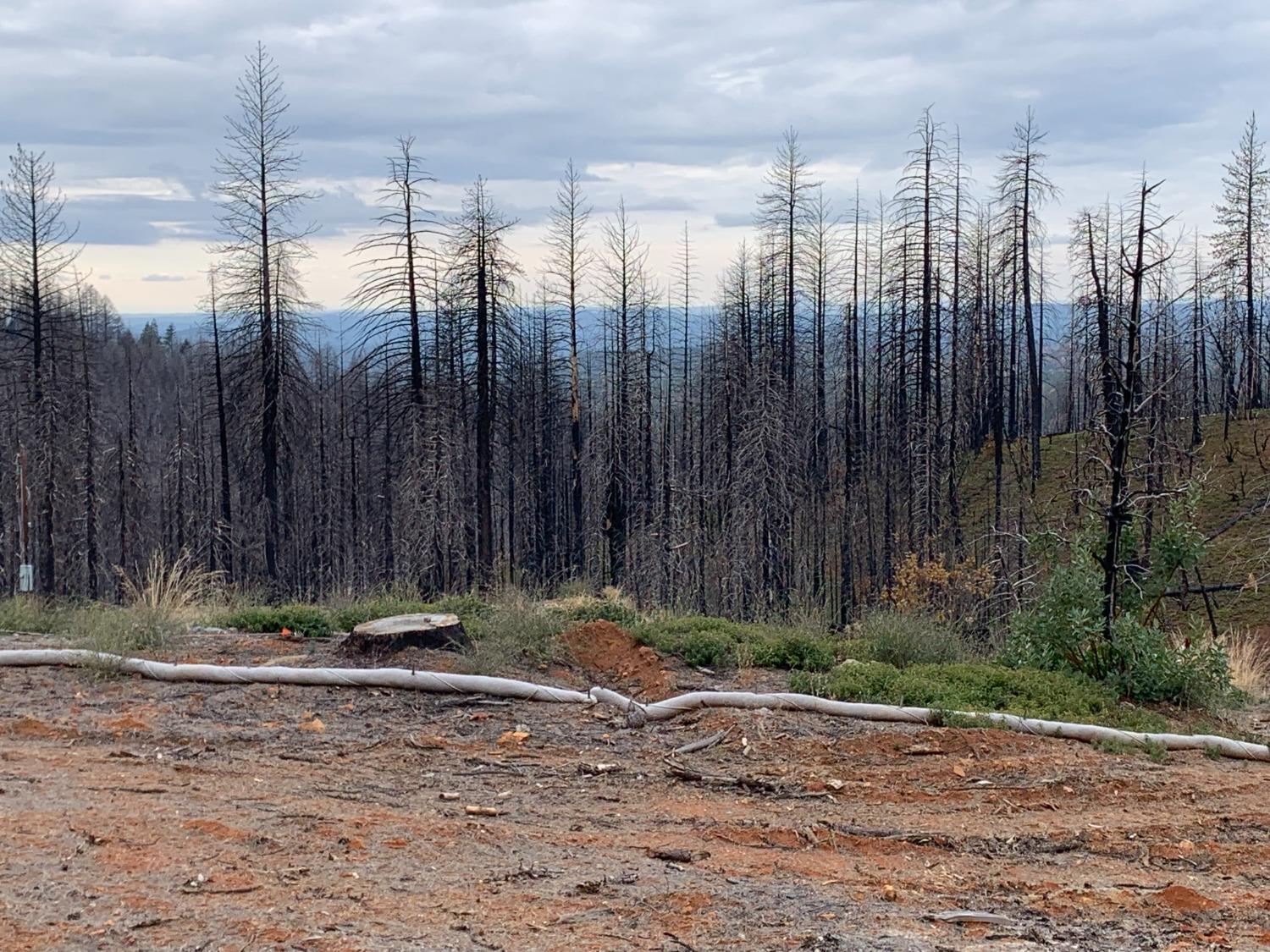 Rollingwood Court, Grizzly Flats, California image 4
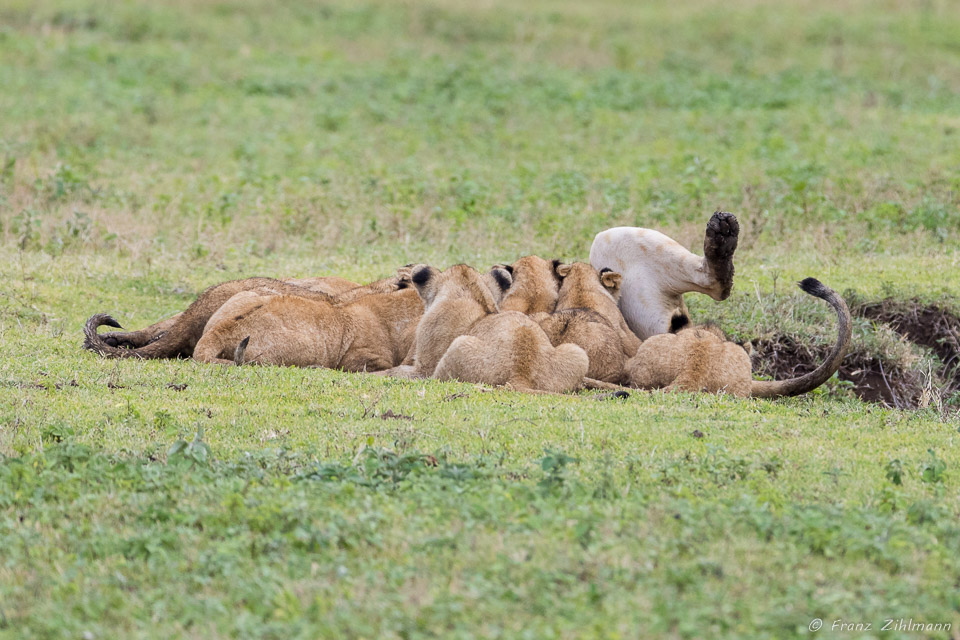 Suckling Lion Cubs - Ngorongoro NP, Tanzania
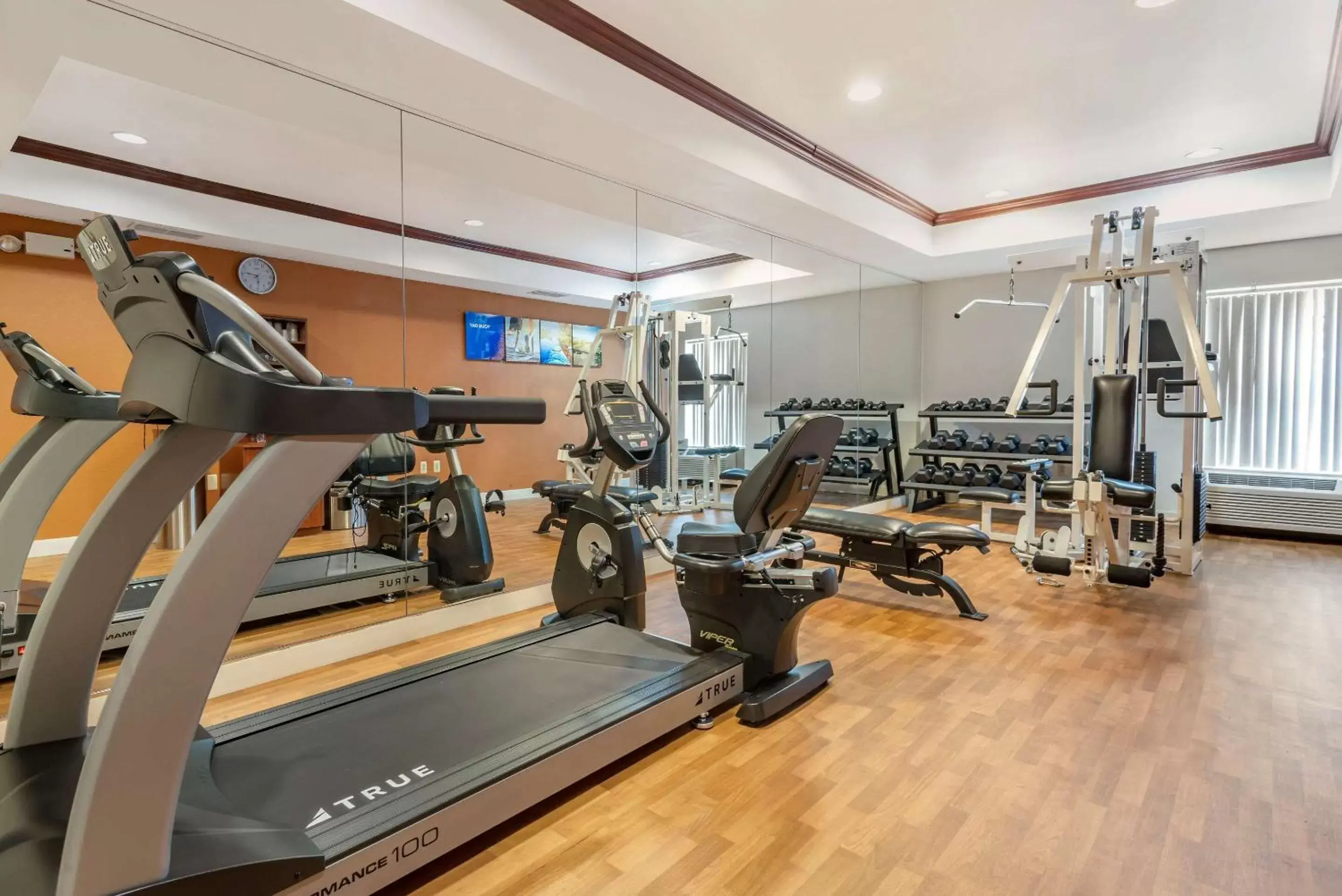 Fitness centre/facilities, Fitness Center/Facilities in Comfort Suites Newark - Harrison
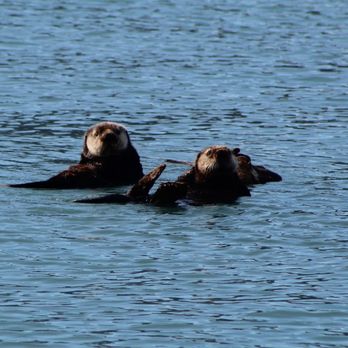 Lu-Lu Belle Glacier Wildlife Cruises - Boat Tours Near Me - Valdez, Alaska Lu-Lu Belle Glacier Wildlife Cruises - Boat Tours Near Me - Valdez, Alaska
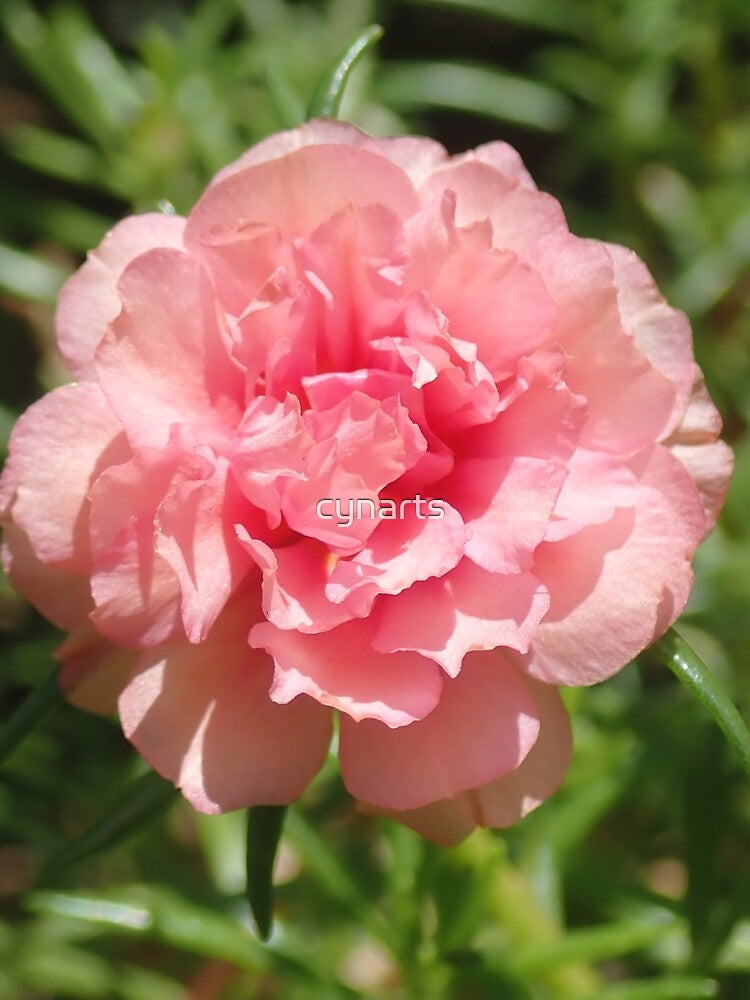 Pink Close Up Flower by cynarts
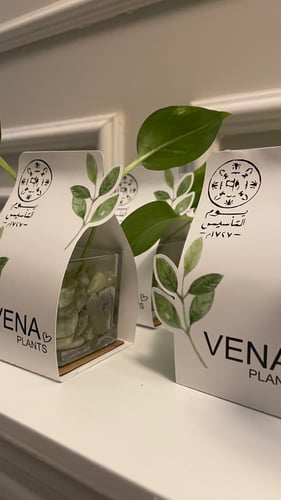 توزيعات يوم التأسيس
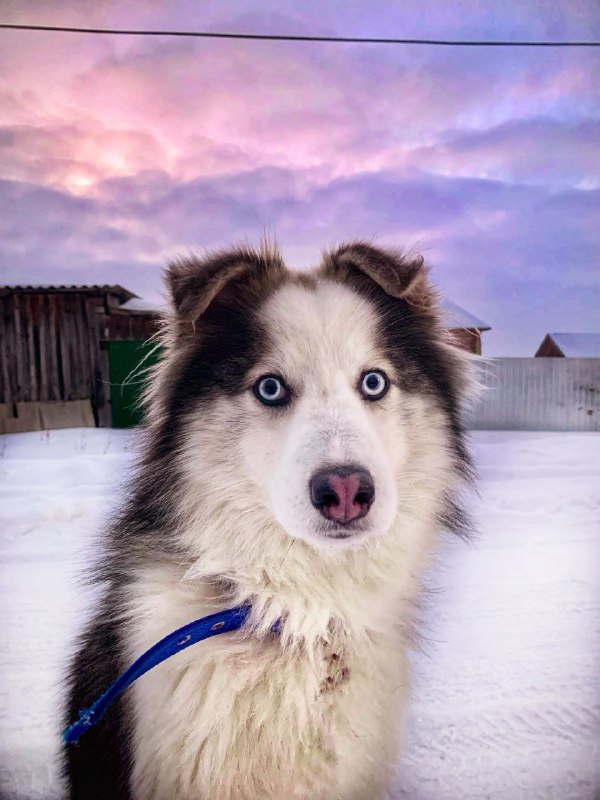 На дворняжечьей стороне🐾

Problem statement >> The copy must match each record exactly, apart from the images, which stay out.

Result of this task >>
 Rollingwood Court, Grizzly Flats, California image 4
 Suckling Lion Cubs - Ngorongoro NP, Tanzania
 Fitness centre/facilities, Fitness Center/Facilities in Comfort Suites Newark - Harrison
 Lu-Lu Belle Glacier Wildlife Cruises - Boat Tours Near Me - Valdez, Alaska Lu-Lu Belle Glacier Wildlife Cruises - Boat Tours Near Me - Valdez, Alaska
 Pink Close Up Flower by cynarts
 توزيعات يوم التأسيس
 На дворняжечьей стороне🐾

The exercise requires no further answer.